-------- Exercise material --------

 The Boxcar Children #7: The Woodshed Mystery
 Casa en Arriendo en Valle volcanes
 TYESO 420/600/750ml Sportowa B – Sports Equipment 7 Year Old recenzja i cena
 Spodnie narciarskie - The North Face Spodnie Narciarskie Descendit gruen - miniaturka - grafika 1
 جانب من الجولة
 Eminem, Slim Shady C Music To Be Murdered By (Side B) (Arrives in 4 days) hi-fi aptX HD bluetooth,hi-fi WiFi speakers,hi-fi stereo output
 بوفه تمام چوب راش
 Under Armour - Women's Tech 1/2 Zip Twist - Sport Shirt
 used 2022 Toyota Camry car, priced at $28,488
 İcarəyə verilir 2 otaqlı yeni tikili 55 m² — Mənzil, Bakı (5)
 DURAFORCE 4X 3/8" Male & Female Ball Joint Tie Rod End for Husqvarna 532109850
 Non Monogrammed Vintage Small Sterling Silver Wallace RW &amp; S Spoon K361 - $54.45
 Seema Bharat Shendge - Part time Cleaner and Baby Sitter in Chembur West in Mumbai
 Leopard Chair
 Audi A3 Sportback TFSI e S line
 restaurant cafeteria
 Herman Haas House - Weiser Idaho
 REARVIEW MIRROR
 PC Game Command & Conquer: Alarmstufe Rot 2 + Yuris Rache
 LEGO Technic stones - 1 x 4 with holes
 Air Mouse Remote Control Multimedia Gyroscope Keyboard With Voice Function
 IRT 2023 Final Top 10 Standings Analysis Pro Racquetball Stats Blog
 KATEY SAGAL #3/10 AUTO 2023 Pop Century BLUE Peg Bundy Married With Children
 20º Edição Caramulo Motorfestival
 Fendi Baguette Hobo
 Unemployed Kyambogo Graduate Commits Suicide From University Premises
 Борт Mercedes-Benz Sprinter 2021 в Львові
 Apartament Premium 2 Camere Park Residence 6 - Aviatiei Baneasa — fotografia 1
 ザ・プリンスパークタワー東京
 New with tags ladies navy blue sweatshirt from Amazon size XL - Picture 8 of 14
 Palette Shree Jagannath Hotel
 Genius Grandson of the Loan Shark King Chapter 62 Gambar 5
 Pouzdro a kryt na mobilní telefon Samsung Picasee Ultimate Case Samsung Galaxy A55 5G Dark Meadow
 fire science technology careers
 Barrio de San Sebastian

--------

[Directions for this task]
Given the records above, return exactly the lines starting at the line containing "بوفه تمام چوب راش" and ending at the line containing "Non Monogrammed Vintage", including both.

[Answer to the exercise]
 بوفه تمام چوب راش
 Under Armour - Women's Tech 1/2 Zip Twist - Sport Shirt
 used 2022 Toyota Camry car, priced at $28,488
 İcarəyə verilir 2 otaqlı yeni tikili 55 m² — Mənzil, Bakı (5)
 DURAFORCE 4X 3/8" Male & Female Ball Joint Tie Rod End for Husqvarna 532109850
 Non Monogrammed Vintage Small Sterling Silver Wallace RW &amp; S Spoon K361 - $54.45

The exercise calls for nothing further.